Hadoop Ecosystem
Point out the wrong statement: a) Elastic MapReduce (EMR) is Facebook's packaged Hadoop offering b) Amazon Web Service Elastic MapReduce (EMR) is Amazon's packaged Hadoop offering c) Scalding is a Scala API on top of Cascading that removes most Java boilerplate d) All of the mentioned
a) Elastic MapReduce (EMR) is Facebook's packaged Hadoop offering Rather than building Hadoop deployments manually on EC2 (Elastic Compute Cloud) clusters, users can spin up fully configured Hadoop installations using simple invocation commands, either through the AWS Web Console or through command-line tools
Point out the correct statement : a) Hive is not a relational database, but a query engine that supports the parts of SQL specific to querying data b) Hive is a relational database with SQL support c) Pig is a relational database with SQL support d) All of the mentioned
a) Hive is not a relational database, but a query engine that supports the parts of SQL specific to querying data Hive is a SQL-based data warehouse system for Hadoop that facilitates data summarization, ad hoc queries, and the analysis of large datasets stored in Hadoop-compatible file systems.

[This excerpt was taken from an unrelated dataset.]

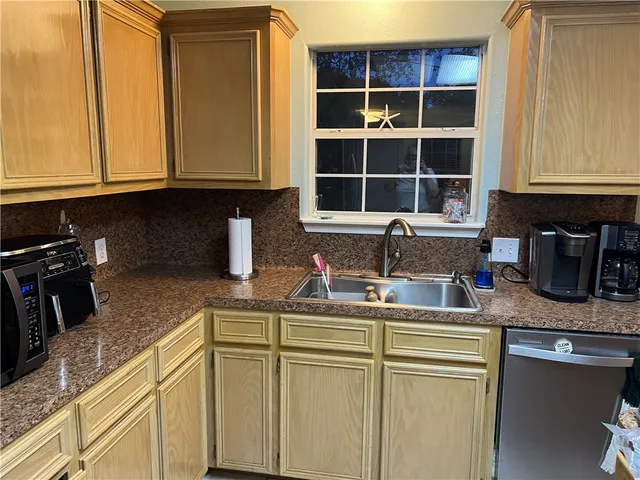 a kitchen with stainless steel appliances granite countertop a sink stove and cabinets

___________ is general-purpose computing model and runtime system for distributed data analytics. a) Mapreduce b) Drill c) Oozie d) None of the mentioned
a) Mapreduce Mapreduce provides a flexible and scalable foundation for analytics, from traditional reporting to leading-edge machine learning algorithms.
The Pig Latin scripting language is not only a higher-level data flow language but also has operators similar to: a) SQL b) JSON c) XML d) All of the mentioned
a) SQL Pig Latin, in essence, is designed to fill the gap between the declarative style of SQL and the low-level procedural style of MapReduce.
______ is a framework for performing remote procedure calls and data serialization. a) Drill b) BigTop c) Avro d) Chukwa
c) Avro In the context of Hadoop, Avro can be used to pass data from one program or language to another.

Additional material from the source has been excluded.